Due to their high relevance for human health but also due to the exemplary evolutionary scenario they are based on, infectious diseases represent a rich fund of highly interesting and relevant research problems. The Center for Bioinformatics has chosen this area as one of its foci. We study infectious diseases from a variety of perspectives. However, the focus is on the evolutionary race between host and pathogen.

At the center, we study infectious diseases with particularly high evolutionary dynamics. The most dynamic of these is HIV, which has a high mutation rate and can therefore evolve rapidly in the body of any patient. At the Center, HIV is studied at various levels.

Compared to viruses, bacteria have a much more complex genome. This allows them to adapt to a host or to drug therapy in a more diverse way. For this reason, progress in the field of research on bacterial infections follows that on viral infections. Everyone is aware of the development of resistance in bacteria in the context of the declining effectiveness of antibiotics. At the Center, we study such resistance phenomena and exploit bacterial properties to develop new drugs. Finally, the center is researching a large-scale project that aims to transfer the already successful approach to bioinformatics analysis of viral resistance to bacteria.

Cancer

Despite the considerable progress made in oncology in recent decades, cancer is still responsible for 13% of all deaths worldwide, making it a leading cause of death directly after cardiovascular disease.

The causes of cancer are multifactorial. Genetic aberrations as well as environmental influences and lifestyle contribute to the development of cancer. Today, treatment is still largely based on surgery, radiation and chemotherapy. Although most patients respond to these treatments, not all are cured. A major reason for this is the heterogeneity of tumors, which is mainly due to “cellular evolution” occurring in tumors. This in turn is triggered by high rates of cell division and mutation and a failure of cellular repair mechanisms. In simplified terms, this means that a tumor is usually composed of genetically different tumor cells. Many of these cells can be killed by therapy, while other tumor cells are either already resistant to the therapy or can develop into resistant cells as a result of the appearance of new mutations.

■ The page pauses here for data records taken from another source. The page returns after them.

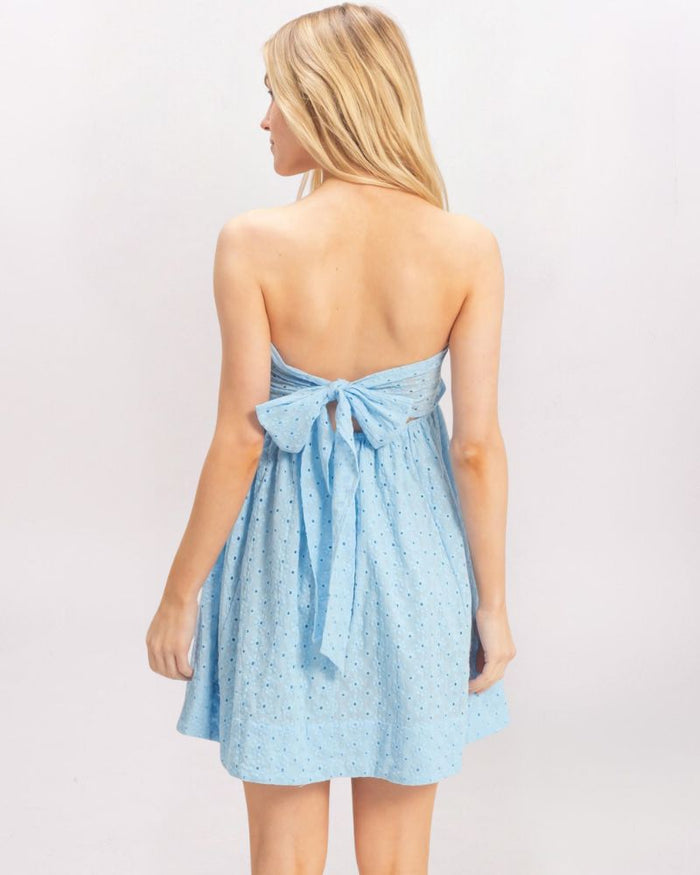 STRAPLESS TIE BACK SMOCKED DRESS, SKY BLUE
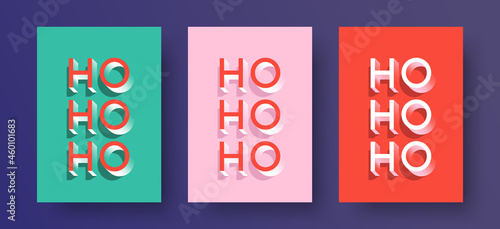 Retro Christmas Card Design Template. Vector Christmas Card Design Set with Trendy 'Ho Ho Ho' Typography in Retro 3D Shaded Style. Editable Design For Christmas Greeting Cards, Invitation, Postcard.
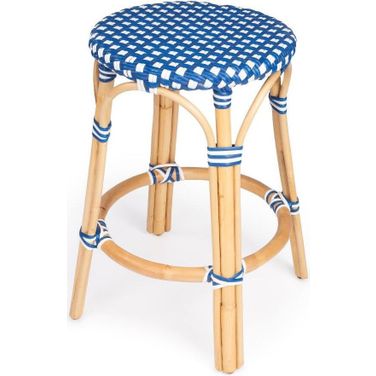 Butler Tobias Blue and White Rattan Counter Stool 9371303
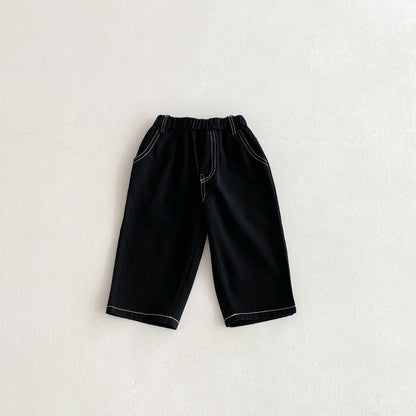 ロングパンツ・スウェットパンツ Black / 80cm ステッチアクセントデイリーロングパンツ【mh0010689】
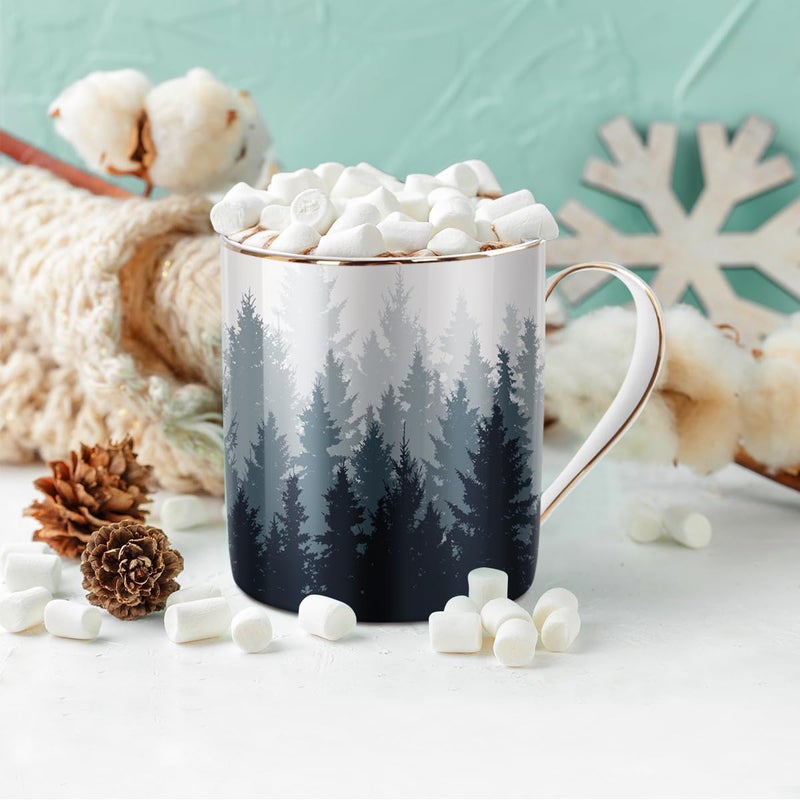 WAVEYU Ceramic Coffee Mug Cute Water Cup for Holiday Home Office Decorative Coffee Tea Cup 14 oz Forest Pattern - Image 3
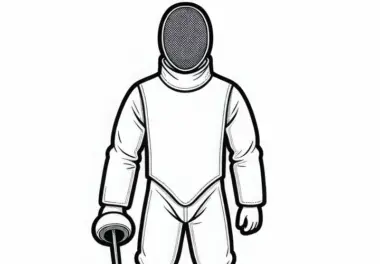Fechtuniform mit Brustschutz Malvorlage Kostenlos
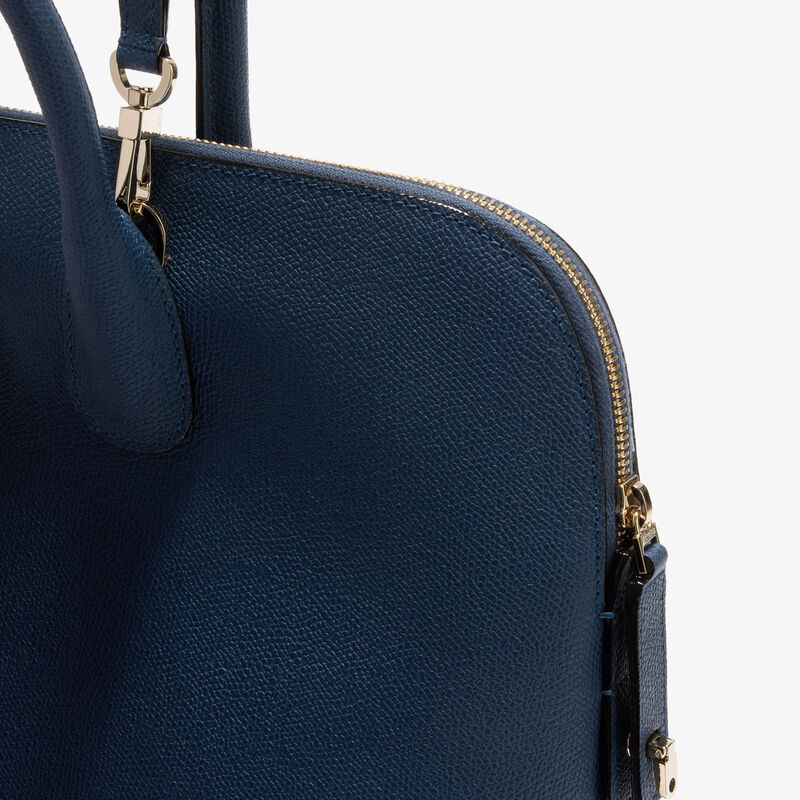 MyLogo Bowling Medium Bag - Sapphire Blue - Millepunte calf leather - Valextra - 4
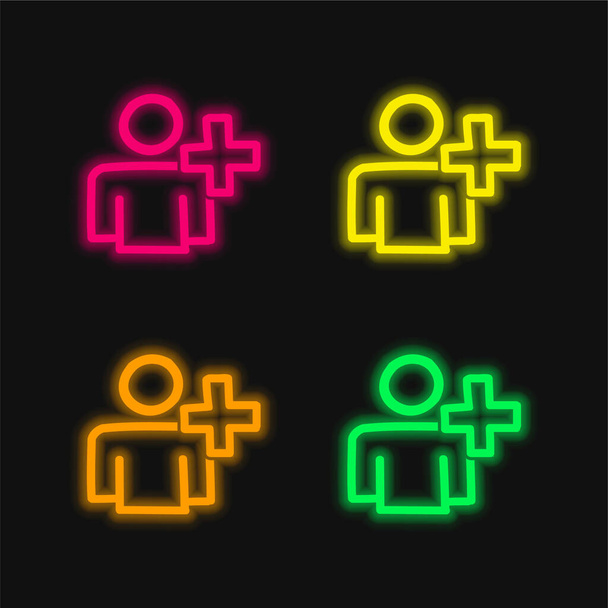 Aggiungere utente disegnato a mano contorno quattro colori incandescente icona vettoriale al neon - Vettoriali, immagini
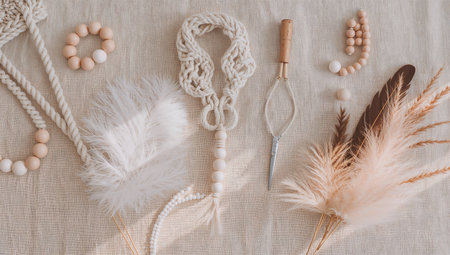 Flat lay composition with dreamcatchers, feathers and beads on beige fabric backgroundの素材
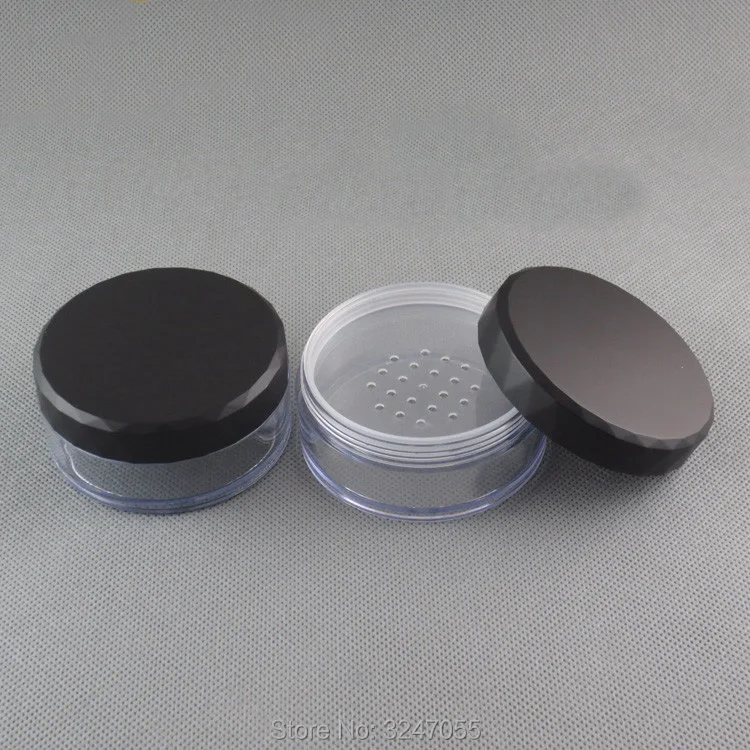 30pcs/lot 50ML Big Size Empty Plastic Cosmetic Powder Jar, DIY Travel Portable Loose Powder Case with Sifter, Women Beauty Tool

The chances of recovery from many types of cancer still depend heavily on the stage of development at which the disease is diagnosed. Here, the simple statement still applies: the earlier, the better. In addition to imaging methods, non-invasive diagnostic approaches based on biomarkers in body fluids play a central role in early detection. Research groups at ZBI have developed new diagnostic approaches based on high-dimensional profiles of tumor antigens and microRNAs for a number of cancers. These have a higher accuracy than the currently approved diagnostic methods. In addition to numerous publications, these projects have also resulted in a number of patents. For one method, the validation studies necessary for commercialization are already underway. To date, they have shown very promising results.